How to complete this task — Please print the full listing below exactly, but not the pictures in it.

Source material —
Content starts
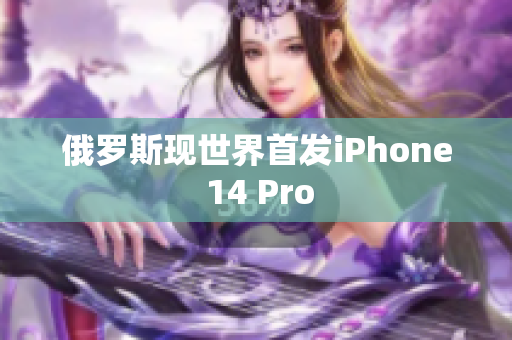 俄罗斯现世界首发iPhone 14 Pro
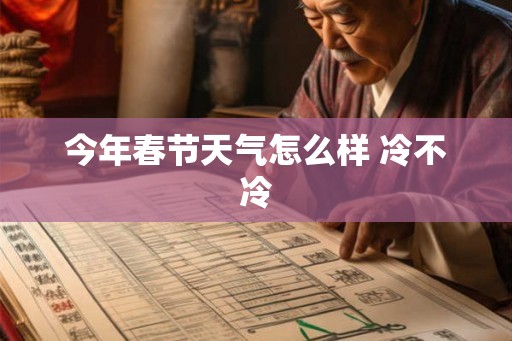 今年春节天气怎么样 冷不冷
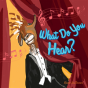 What Do You Hear? - Preview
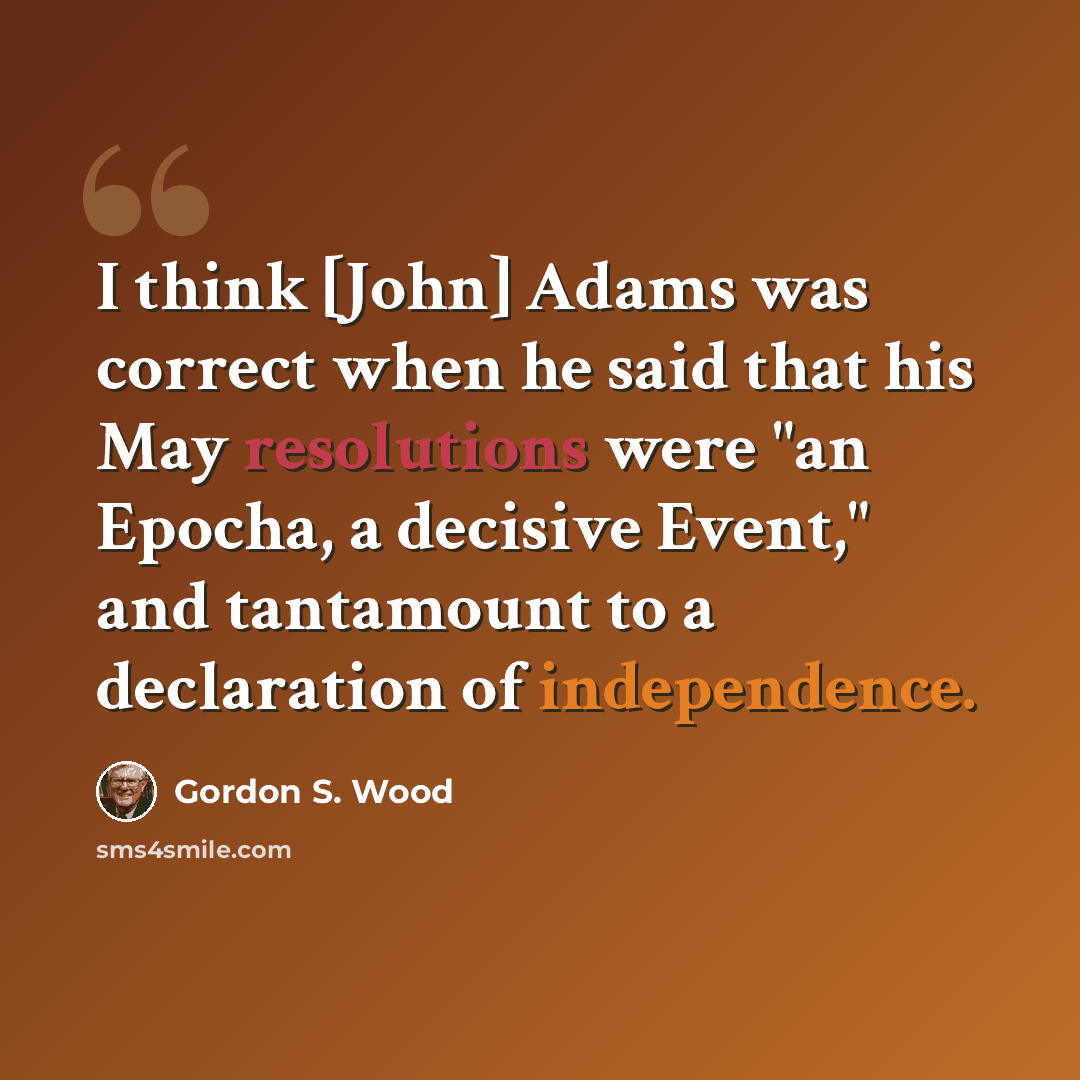 “I think [John] Adams was correct when he said that his May resolutions were "an Epocha, a decisive Event," and tantamount to a declaration of independence.” quote by Gordon S. Wood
Content ends
Your response —
 俄罗斯现世界首发iPhone 14 Pro
 今年春节天气怎么样 冷不冷
 What Do You Hear? - Preview
 “I think [John] Adams was correct when he said that his May resolutions were "an Epocha, a decisive Event," and tantamount to a declaration of independence.” quote by Gordon S. Wood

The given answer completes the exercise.